San Diego Mayor Todd Gloria has taken a similar proposal even further, proposing to use an estimated $32,414,285 in taxpayer money per year ($30 million in operating costs, $1.9 million in annual lease payments, and $18 million in annual conversion costs paid over 35 years) to house 1,000 homeless people on cots in another warehouse. Such a misuse of funds begs the question: why? Who benefits from this plan? Certainly not our homeless neighbors or the community at large.

The Mayor’s proposal is actually more expensive than housing 1,000 people in apartments at current market rates, including intensive support services.

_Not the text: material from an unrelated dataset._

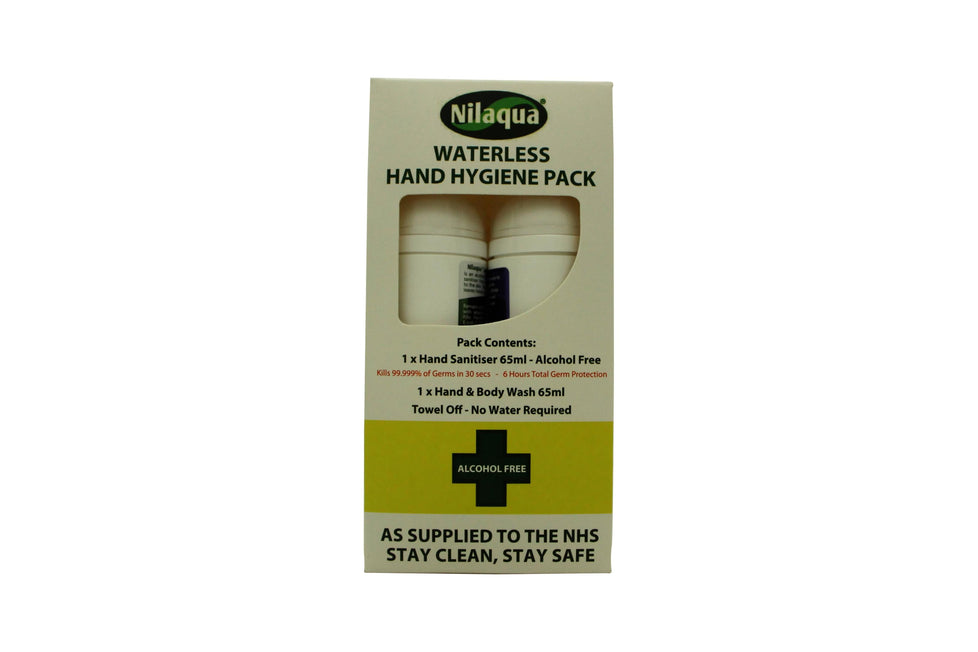 Nilaqua Waterless Handhygienpaket 65ml Handsprit + 65ml Handtvätt Nilaqua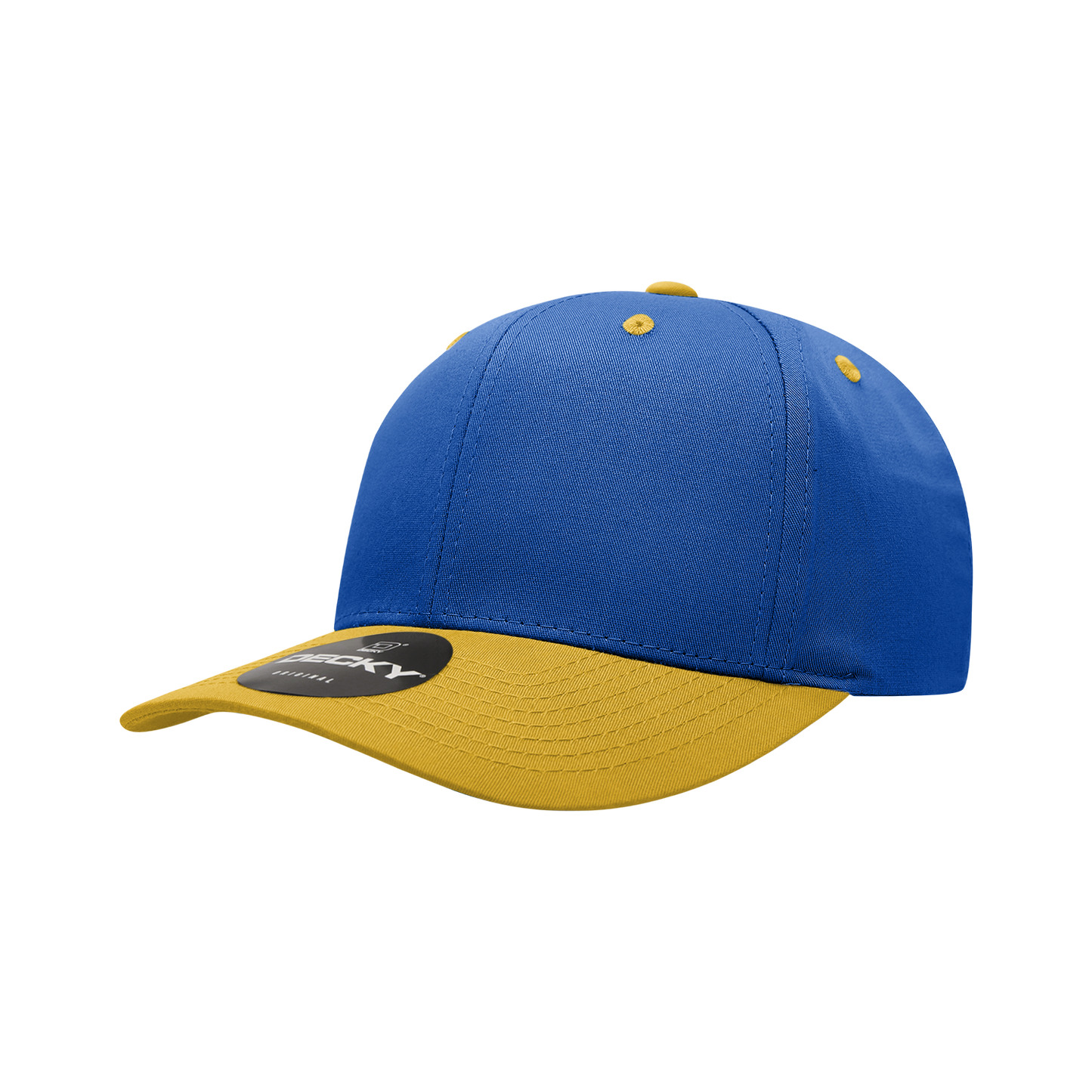 6 Panel Mid Profile Structured Cotton Blend Cap Snapback 6022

Given these facts, it’s hard to make the case for a shelter. It seems like pursuing one could even be seen as a breach of fiduciary duties. San Diego has a lot of rental properties. According to Zillow, as of early June there were 458 studio or one-bedroom rentals under $1,800, 2,219 two-bedroom rentals under $3,500, and 1,437 two-bedroom rentals under $3,000 in San Diego County.

At this rate, it would cost about $29.34 million per year to convert 1,000 decentralized housing units into single-family homes, including intensive case management and administrative costs. Procurement of 1,000 units could take up to six months, far less time than it would take to convert a warehouse into a shelter. That doesn’t take into account the fact that two buildings adjacent to the shelter have documented chemical leaks into groundwater and soil, putting shelter residents at high risk of exposure to soil vapors. How many more failures are we willing to tolerate like Ash Street?

Shared housing, which gives each person their own room in a house, can reduce costs by up to 25 percent and housing stock is more readily available.

People claim Housing First doesn’t work or is too expensive. The truth is the opposite. According to a model designed by Sam Tsemberis in the 1990s, Housing First has never been implemented in San Diego and would be less expensive than the warehouse alternative proposed by the mayor. The reason for building shelters is supposed to help people find their way off the streets. San Diego has a dismal record of only around 18 percent of people in shelters actually getting housing.

If you were homeless, would you rather have your own room in a house or a cot in a giant warehouse? Why not follow best practices and make housing a reality rather than the costly shelter option?